A essa altura já devem estar sabendo do “Caso do Serial Killer de Brasília”, tratamos de Lázaro Barbosa Sousa. Matérias jornalísticas foram veiculadas associando os crimes do até então foragido com rituais de religiões de matriz africana. Policiais de diversas guarnições, em ação truculenta e sem mandado, invadiram terreiros de candomblé fortemente armados; ameaçaram lideranças e praticantes religiosas; averiguaram celulares, computadores e locais de fundamento que são extremamente restritos; violaram o patrimônio material e imaterial de grupos e comunidades que não têm absolutamente nenhuma correlação com o procurado.

Algumas pessoas têm comentado sobre a “novidade da intolerância religiosa” cometida pelas tropas. É “racismo religioso”! Não é novidade, nem fato recente, muito menos isolado. Parem! Talvez o termo seja pouco conhecido, mas a prática é essa mesma há séculos!

Procurem saber sobre as leis de proibição à práticas como capoeira e candomblé e o papel da polícia na repressão de pessoas negras e suas expressões culturais. Comunidades da umbanda e do candomblé lutam até hoje para retirada de itens sagrados do Museu da Polícia do Estado do Rio de Janeiro, que os confiscaram em perseguições há mais de um século, com base em artigos do Código Penal de 1890 e, posteriormente, de 1942.

Mas o que nós, assistentes sociais, temos a ver com isso? A realidade é que inúmeras vezes assistimos o racismo religioso em nosso cotidiano profissional, expressamente e documentadamente. Sim: documentadamente! Em especial quando família ou vizinhos, geralmente cristãos (católicos ou evangélicos), se dirigem ao Conselho Tutelar para realização de denúncia em razão dos pais ou responsáveis de crianças e adolescentes serem simpatizantes ou membros de religiões de matriz africana. As justificativas são de que os responsáveis estariam supostamente negligenciando os filhos e até “obrigando” a participarem das festividades e dos ritos da religião.

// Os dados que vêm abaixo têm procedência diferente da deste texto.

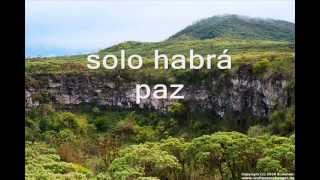 Video thumbnail of "PAZ EN EL VALLE"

A denúncia agregada ao argumento de preocupação com crianças ou adolescentes escondem, na verdade, as facetas do desrespeito, do preconceito, do racismo estrutural e do fundamentalismo religioso. O fato é que o Conselho Tutelar e profissionais do atendimento à criança e ao adolescente acatam denúncias como essas, sem exercer ou propor uma reflexão a respeito de seu significado, negligenciando o Estatuto da Criança e do Adolescente e da própria Constituição Federal no que diz respeito a liberdade religiosa e a livre expressão da fé.

Nós temos tudo a ver com isso quando reproduzimos no nosso processo de atendimento o preconceito e a discriminação, seja por omissão ou por legitimar práticas como essas. Quantas vezes já escutamos de familiares: “ele/a não quer ir para igreja, mas eu arrasto mesmo. Coloco na frente e carrego! Porque meus filhos precisam ter uma orientação religiosa. Se a gente não orienta, é o mundo quem toma conta”!? Não existem denúncias contra esse teor.

Assim como, na contemporaneidade, a polícia jamais invadiu templos cristãos à procura de foragidos evangélicos ou católicos. Olha bem que não faltariam possiblidades, o caso da ex-deputada e pastora Flordelis seria um bom exemplo. Vejam bem, Lázaro também já se identificou como evangélico, além de ter sido pregador em seu período de cumprimento de pena sob regime de reclusão, segundo sua esposa em entrevista à TvRecord.

Episódios como o de Kate Belintani, candomblecista que perdeu a guarda da filha após uma denúncia anônima sobre supostos abusos no terreiro; ou a violência contra lideranças, praticantes e templos religiosos de matriz africana perpetrada pela polícia demonstram o quanto o Estado brasileiro está estruturado para legitimar, executar e propagar o racismo em mais uma de suas vertentes de estruturação da sociedade. Mas também nos colocam a pensar: de que forma nossa prática profissional pode significar a ruptura necessária desses padrões racistas?

 

*Ezilda e Joyce (ambas no canto inferior direito da foto acima) são assistentes sociais e cofundadoras do Instituto Carolina Maria de Jesus (equipe completa na foto), instituição fundada por assistentes sociais em 2020, com o objetivo de ofertar produtos e serviços de assessoria, consultoria e formação permanente no campo do Serviço Social e áreas afins, com base na construção de uma sociedade justa, engajada e equitativa.